As for your second question, it depends on what you are starting with. If you were starting with must (skins, seeds, etc) then you probably wouldn't be using an airlock since you would be using an open primary fermentation tank. We did this anyway even though we started with pails of fresh juice. After five days in the primary our sp.grav. was 1.01 we transfered to carboys (and airlocks for our secondary). Since the primary is open, there is plenty of oxygen for fermentation to start. The transfer to the carboys adds a little and we noticed continuing fermentation immeditately. We are actually trying to minimize oxygen at this point. (and from what I have read, you want to do the same unless you have a stuck fermentation).

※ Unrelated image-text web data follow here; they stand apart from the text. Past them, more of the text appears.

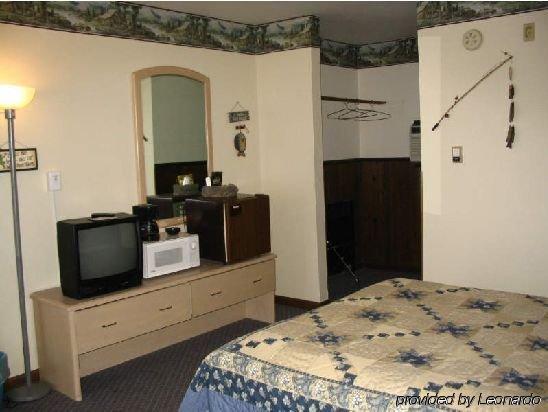 Motel Cruise Inn Rv Park & Hotel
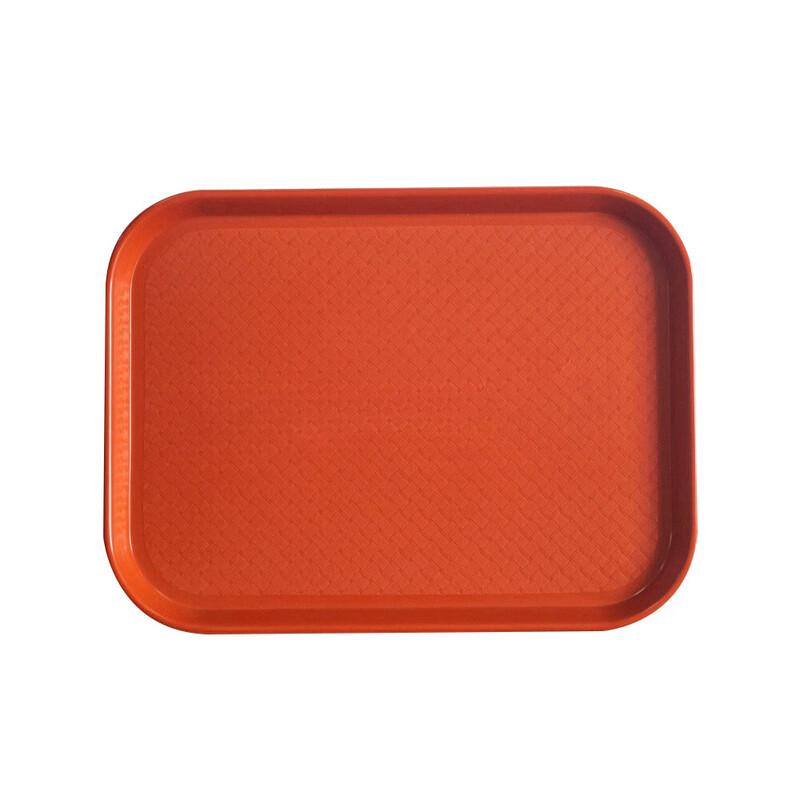 Jingchengwen Melamine Multi-purpose Serving Tray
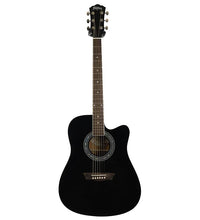 Load image into Gallery viewer, Washburn WA90CE Acoustic Electric Guitar - B STOCK
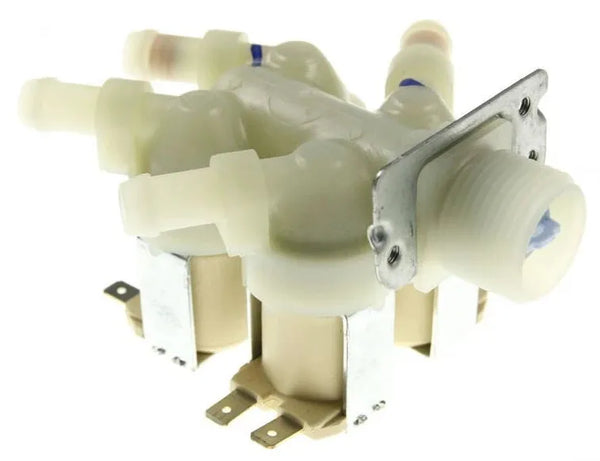 Napouštěcí ventil 5220FR2008M určený k řízení přítoku vody v pračkách LG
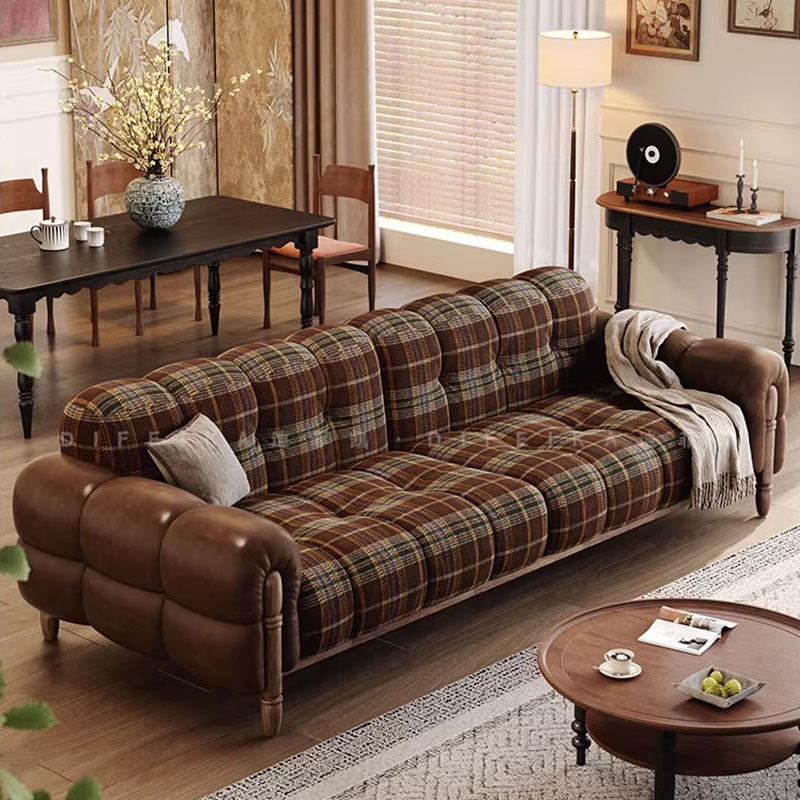 Office Furniture Services - 미니멀리스트 오피스 거실 소파 레이지 퍼프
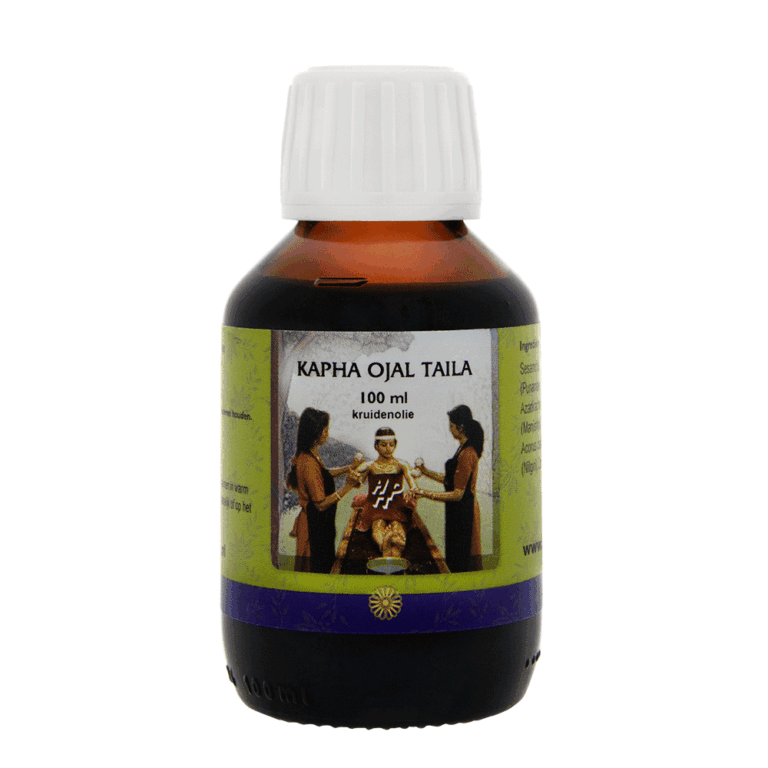 Kapha Ojal Taila 100ml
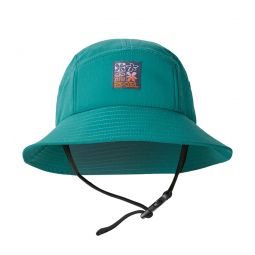 Rip Curl Mens Swc Surf UPF 50 Bucket Hat
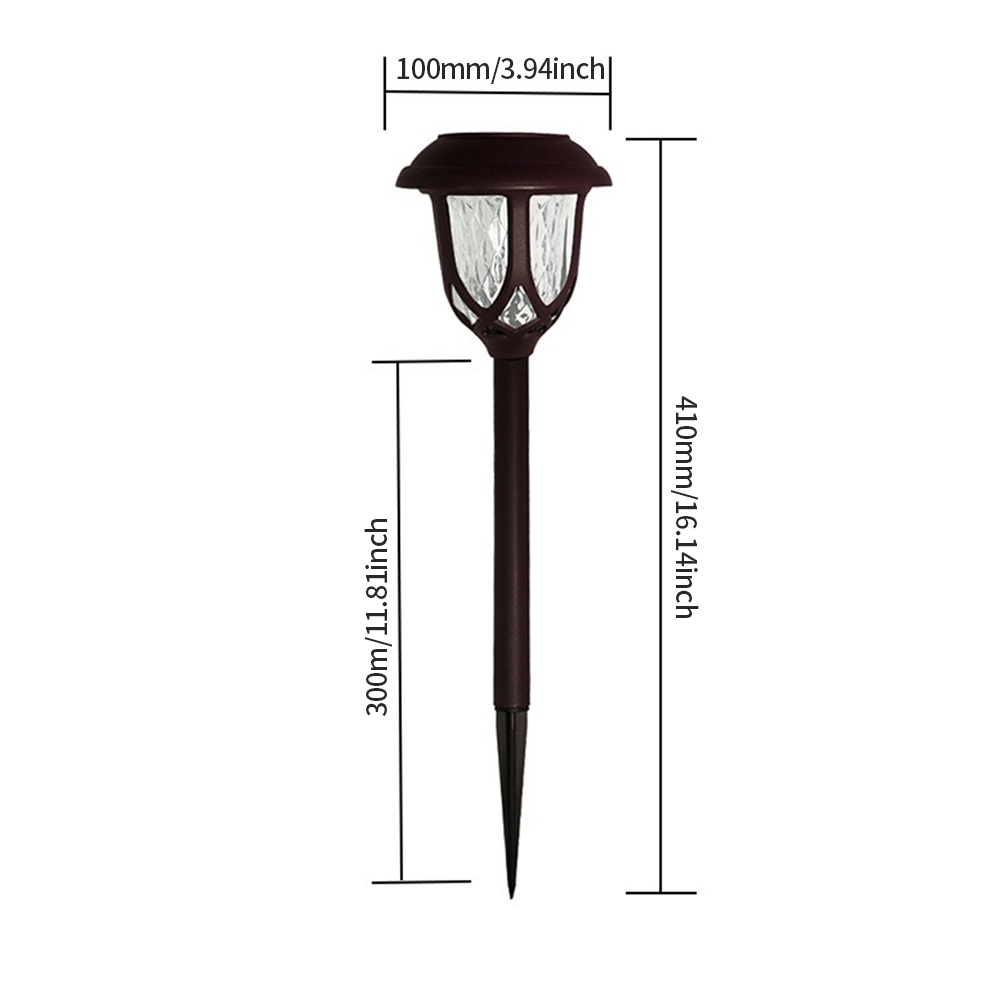 LED Solar Courtyard Lamp Outdo - огляд і ціна Outdoor Power Outlet Solar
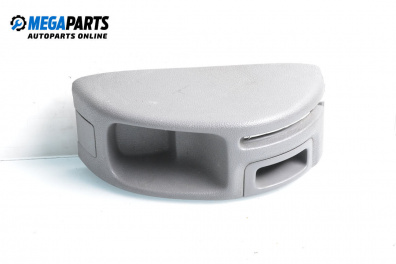 Zentralkonsole for Peugeot 206 Station Wagon (07.2002 - ...)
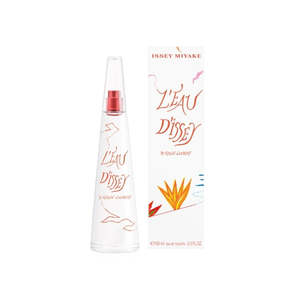 ISSEY MIYAKE L'EAU D'ISSEY SUMMER EDT 100ML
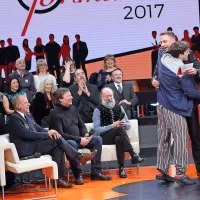 Osebnost Primorske 2017 je Benjamin Ličer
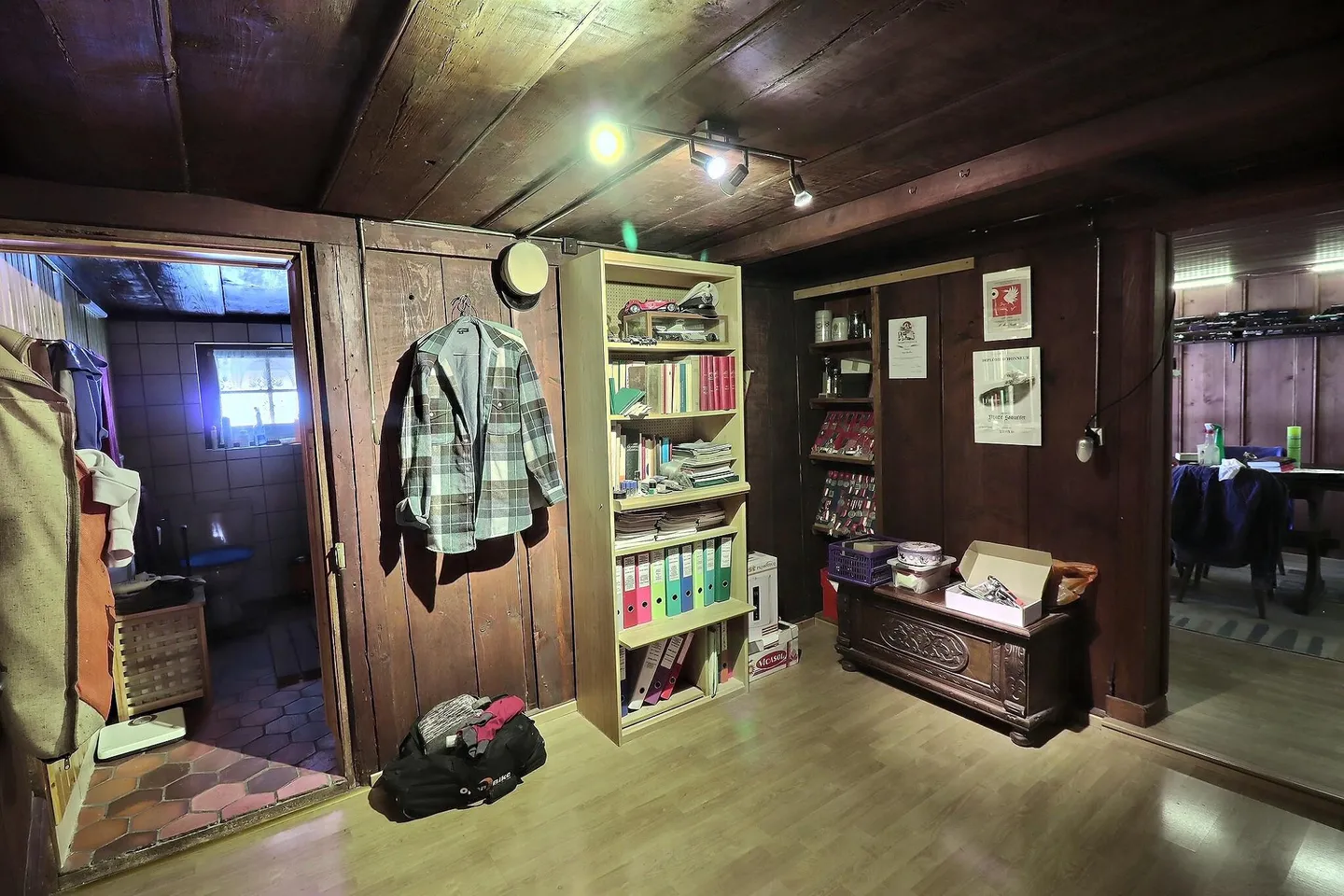 Einfamilienhaus kaufen - Foto 16 von 18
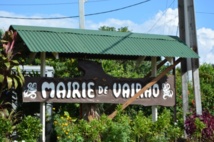 Municipales - Taiarapu Ouest : quel sera l’héritage laissé par Clarenntz Vernaudon ? Municipales - Taiarapu Ouest : quel sera l’héritage laissé par Clarenntz Vernaudon ?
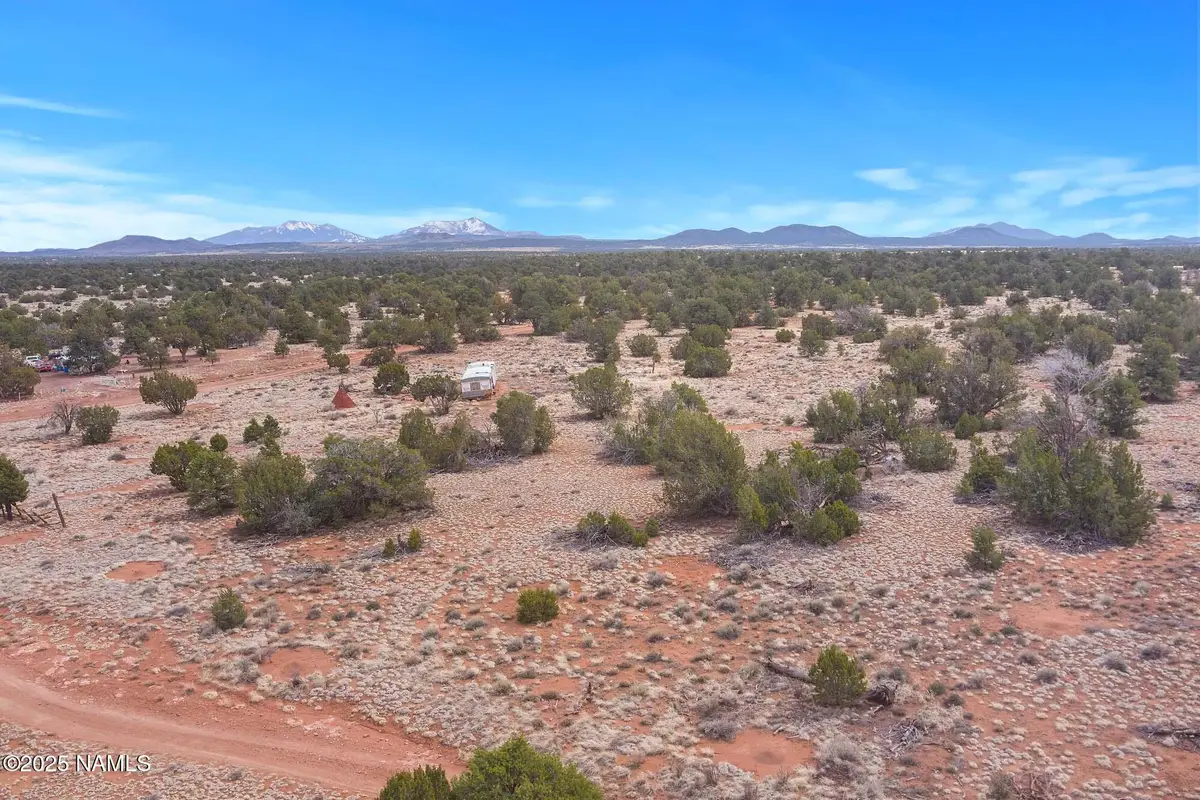 4700 Parker Drive, Williams, AZ 86046 - #1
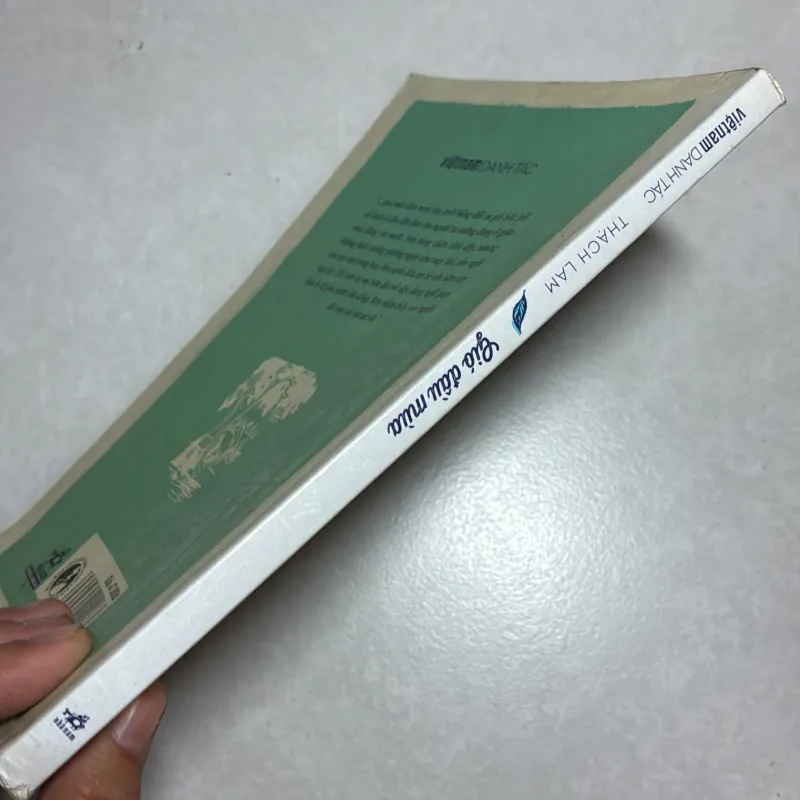 Gió đầu mùa - Thạch Lam (t01) 777756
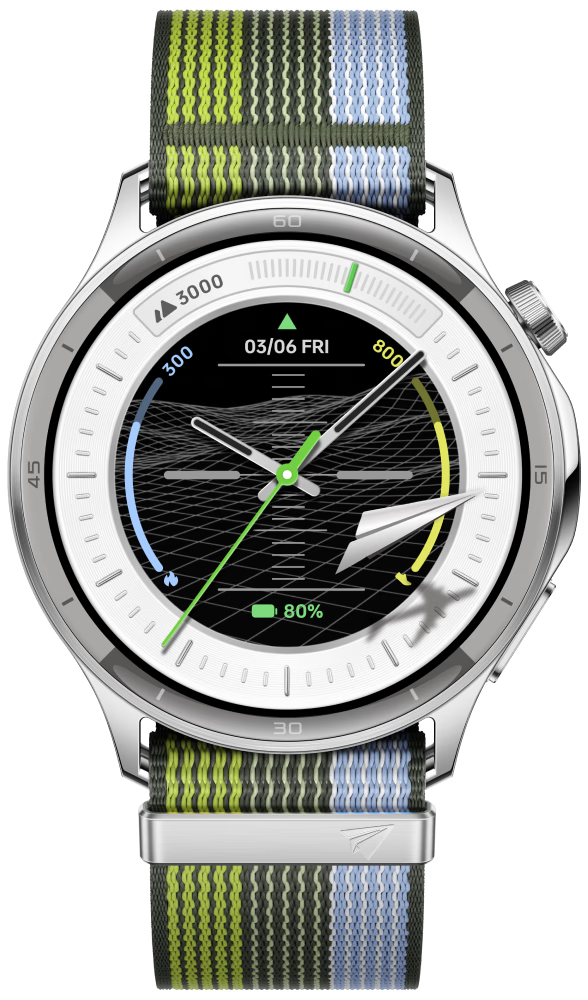 Center Watch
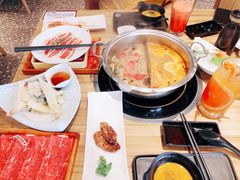 -水林间·寿喜烧自助(仙林金鹰店)
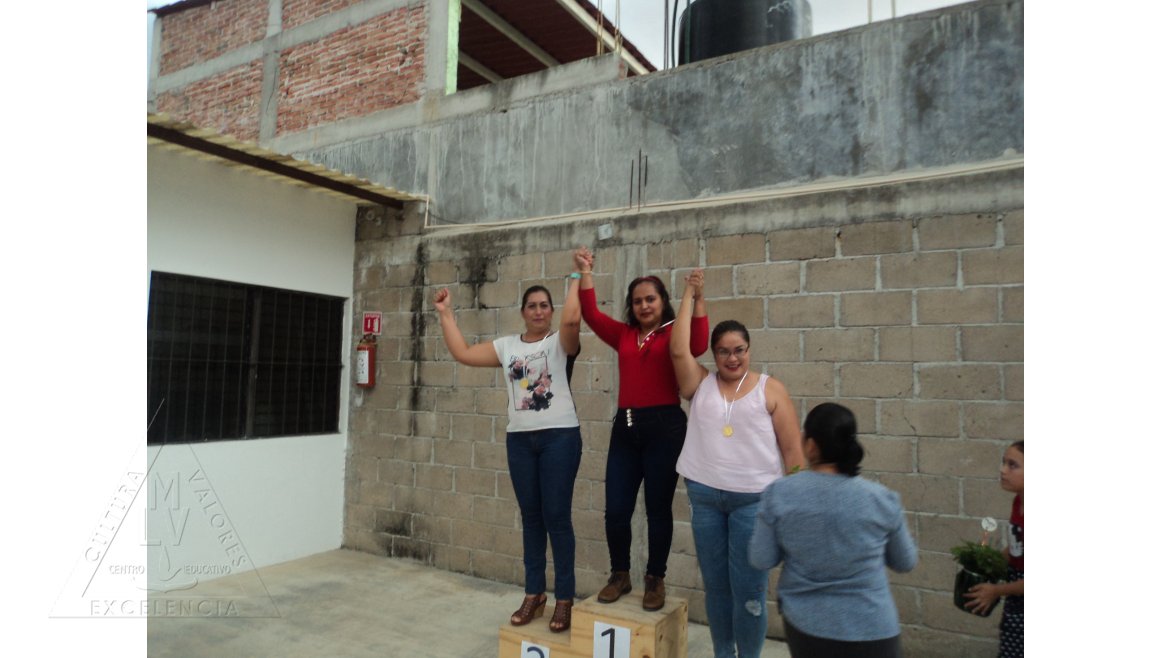 Evento mamás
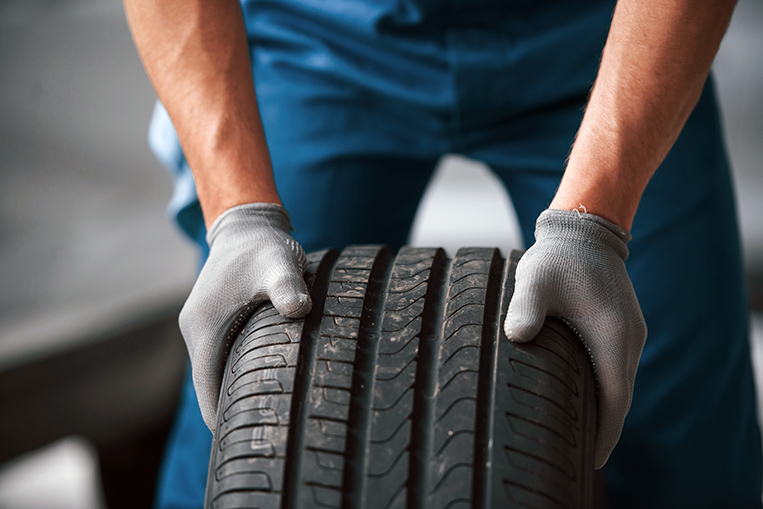 How to compute for alternative sizes for your car's tires ...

Once your fermentation starts I would just watch the airlocks and the fermentation and take readings. As long as the temperature stays within the range of tolerance for your yeast, there should be enough oxygen in the wine (from pours the juice into the carboys) for the yeast. If the fermentation slows (no foam, bubbling through the airlock), take a reading. If its below 1.00 sp.grav. then it should be ok to start the secondary. If the reading is above 1.00 (really up around 1.03-1.04) then you could have a stuck fermentation and the stirring thing is not a bad idea. The stirring not only will bring in a bit of oxygen, but more importantly stir up some of the yeast cells at the bottom. If this doesn't kick it up you might have to add some yeast nutrient. At this point I must refer you too the books because I haven't experienced a stuck fermentation and really didn't read beyond these few basics.
Have you started yet or just researching? We started last Saturday 10/27 and transfered on 11/1. So far so good. 24 Gallons of Cab and 12 of merlot. Good Luck!